After calculating the trigger value, the trigger value compares the magnitude with a threshold. If the trigger value is smaller than the threshold, the next frame recalculates the trigger value. Conversely, when the trigger value is greater than the threshold, it is defined that a valid frame is detected. Since the conventional method has a threshold set to a constant and the trigger value exists as an absolute numerical value, there is a disadvantage that the detection probability may change depending on the magnitude of the hand movement.
The proposed methods consist of two stages to compensate for and overcome the disadvantages of the conventional method, thereby increasing the detection probability. Stage 1 searches for an approximate valid frame location. The frames existing around the frame position detected in Stage 1 are defined as the window. Stage 2 proceeds in a way that finds the maximum trigger value in the window.
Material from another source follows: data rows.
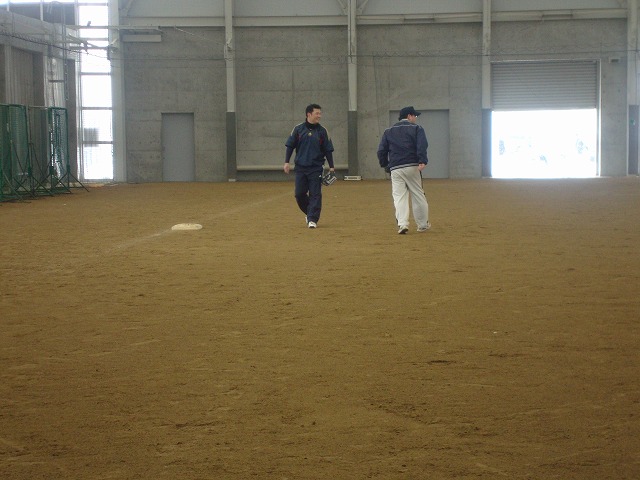 2013年1月27日：富山県総合運動公園屋内グラウンドにて練習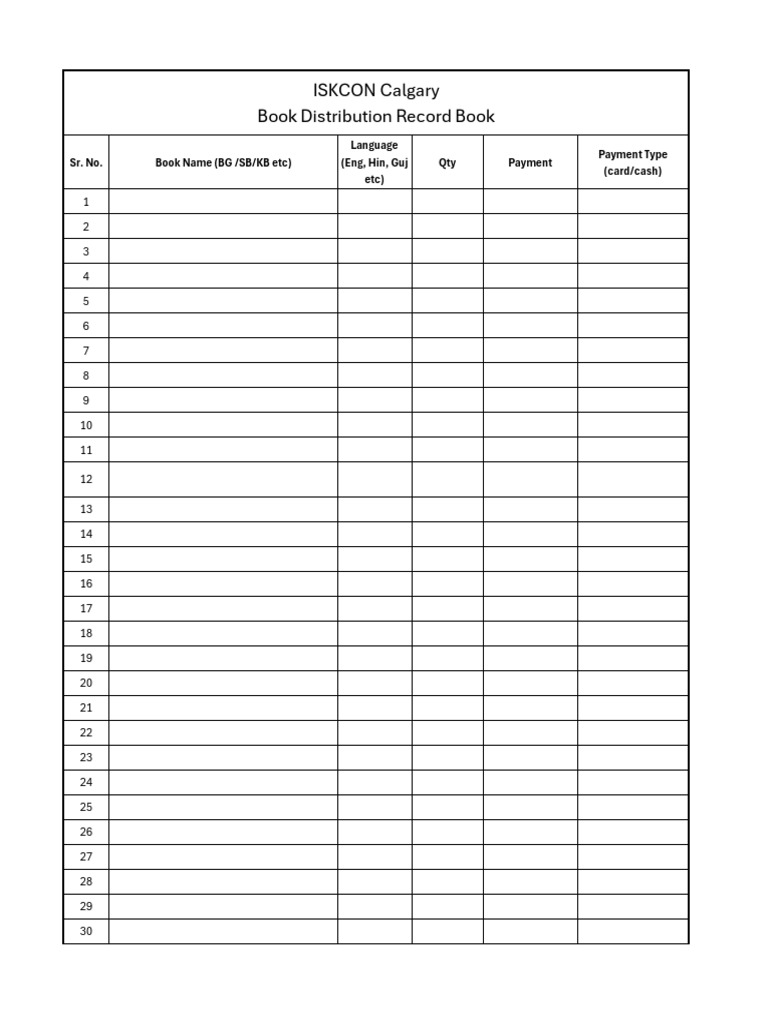 BD Record Book | PDF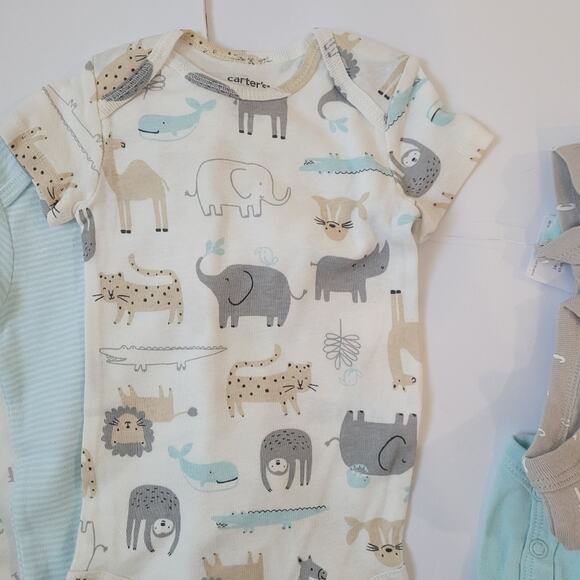Carter's Baby Set of 5 Onesies Alphabet and Animal Theme Size 6 Months NWT - - - Picture 5 of 10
The proposed method 1 uses the conventional method in Stage 1. In the proposed method 1a window is defined as a frame located behind in time in the frame detected in Stage 1. The reason for defining the window by the above method is that it is not necessary to recalculate the trigger value, which is calculated previously. Stage 2 calculates the trigger value of the frame present in the window, and then a frame that has the largest trigger value in the window is defined as a valid frame. As shown in
Figure 3, the conventional method consists of single stage and determines the valid frame by using the frame with a trigger value exceeding the threshold. However, the proposed method 1 uses the trigger values of all frames within the window in Stage 2 and finds out the valid frame, which results in getting high accuracy than the conventional method. The proposed method 2 detects in Stage 1 using the rate of change of the trigger value. The change ratio of the trigger value is defined as the trigger ratio; the trigger ratio is calculated as shown in Equation (4). The trigger ratio is calculated using the trigger value calculated in a present frame and the trigger value of a frame existing after delay. T[n] means the present trigger value and T [n+delay] means the delayed trigger value in Equation (4). The trigger ratio does not grasp the magnitude of the trigger value, but it grasps the change ratio of the trigger value. Therefore, the method using the trigger ratio has an advantage, because the detection probability doesn’t change according to the magnitude of the hand movement. In this paper, the delay was 50 milliseconds, a half of the size of window 1.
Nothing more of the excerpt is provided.